Itulah sebabnya Luther menulis hal berikut tentang doktrin kehendak bebas empat tahun sebelum ia menulis The Bondage of the Will. Pada tahun 1521, ia menulis sebuah buku kecil berjudul Defence and Explanation of All the Articles. Perhatikan kerasnya Luther dalam mencela kesalahan kehendak bebas.
Kesalahan tentang kehendak bebas ini adalah sebuah doktrin khusus dari antikristus. Tidak heran jika doktrin ini telah menyebar ke seluruh penjuru dunia, karena ada tertulis mengenai antikristus ini bahwa ia akan menipu seluruh dunia. Hanya sedikit orang Kristen yang akan diselamatkan (2Tes. 2:10). Celakalah dia!

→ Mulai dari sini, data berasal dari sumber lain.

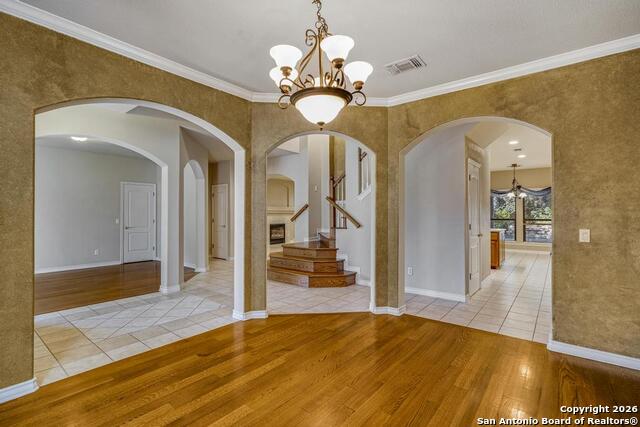 Image 8 of 45 For 18347 Emerald Oaks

Yesus Kristus menyangkal kemampuan kehendak bebas ini: “di luar Aku kamu tidak dapat berbuat apa-apa.” Kata-kata ini berarti, “Di luar Aku, kamu tidak dapat memilih Aku, kamu tidak dapat datang kepada-Ku, kamu tidak dapat memercayai Aku.” Yang bisa dilakukan oleh kehendak orang berdosa adalah menolak Kristus dan memilih dosa, kematian, dan Iblis. Kehendak dari manusia yang terjatuh memilih dosa, kematian, dan Iblis secara sukarela. Kehendaknya tidak dipaksa oleh suatu kuasa eksternal untuk melakukan itu. Tetapi manusia natural memilih untuk melawan Kristus secara niscaya, karena kehendak dari manusia natural berada di dalam keterbelengguan; kehendak dari manusia natural adalah budak.

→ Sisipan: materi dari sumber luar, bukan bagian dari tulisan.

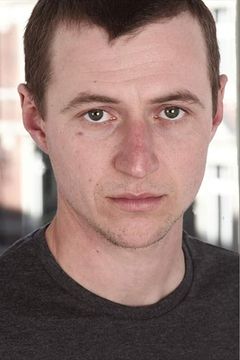 Dave Hart interpreta Con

Penghakiman Yesus di dalam Yohanes 15:5 juga dilawan oleh ajaran tentang anugerah umum. Doktrin tentang anugerah umum mengajarkan bahwa ada operasi Allah yang penuh anugerah pada hati semua manusia, yang mengekang dosa di dalam diri mereka dan memampukan mereka untuk melakukan sesuatu yang benar-benar baik – baik menurut penilaian Allah – di dalam kehidupan duniawi sehari-hari. Doktrin tentang anugerah umum menyangkali kerusakan yang total; tidak seorang pun yang rusak secara total, tidak seorang pun yang tidak memiliki kemampuan untuk berbuat baik, kecuali mungkin Adolf Hitler dan Joseph Stalin. Karena anugerah umum, semua manusia sekarang memiliki kemampuan tertentu untuk melakukan kebaikan, dan semua manusia melakukan kebaikan tertentu.

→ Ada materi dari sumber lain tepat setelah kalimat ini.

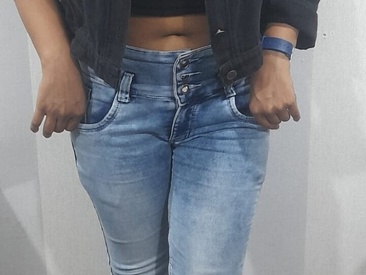 Recent Screen Shot of Sexey-Puja18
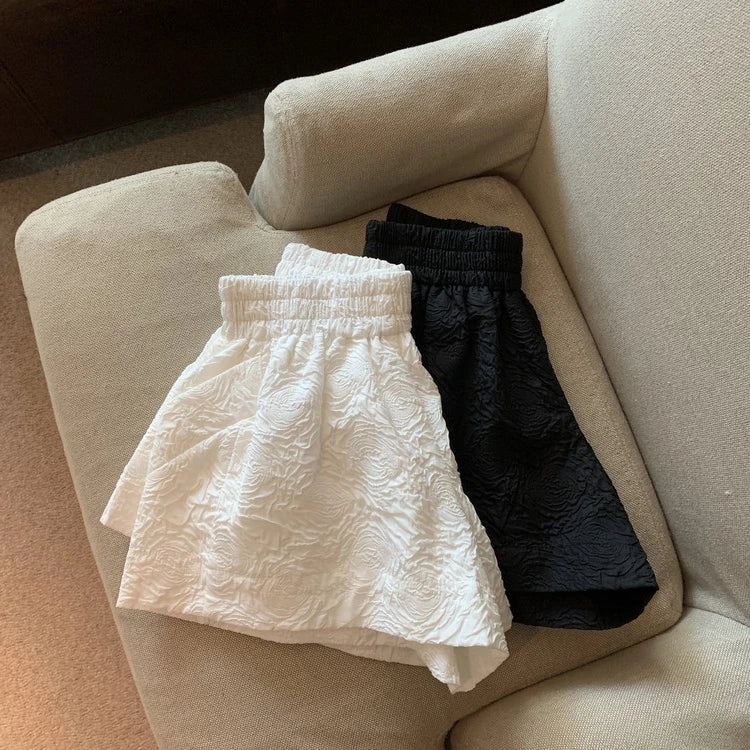 Hnewly  Black White Jacquard Shorts Women 2025 Summer Elastic High Waist Pockets Wide Leg Shorts Woman Loose Streetwear Half Pants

Penolakan terhadap doktrin yang populer di antara kaum Reformed dan Presbiterian ini adalah dari perkataan Nabi dan Guru terutama kita, Yesus Kristus: “di luar Aku kamu tidak dapat berbuat apa-apa.” Orang-orang yang tidak percaya berada “di luar,” atau terpisah dari, Yesus Kristus. Dan Yesus berkata bahwa di dalam keterpisahan dari-Nya, manusia tidak dapat berbuat apa pun, entah dengan terang alam, atau dengan anugerah umum, atau dengan kebaikan bawaan tertentu yang ada pada manusia. Hanya mereka yang berada di dalam Kristus, seperti cabang yang berada di dalam pokok anggur, yang bisa melakukan apa pun.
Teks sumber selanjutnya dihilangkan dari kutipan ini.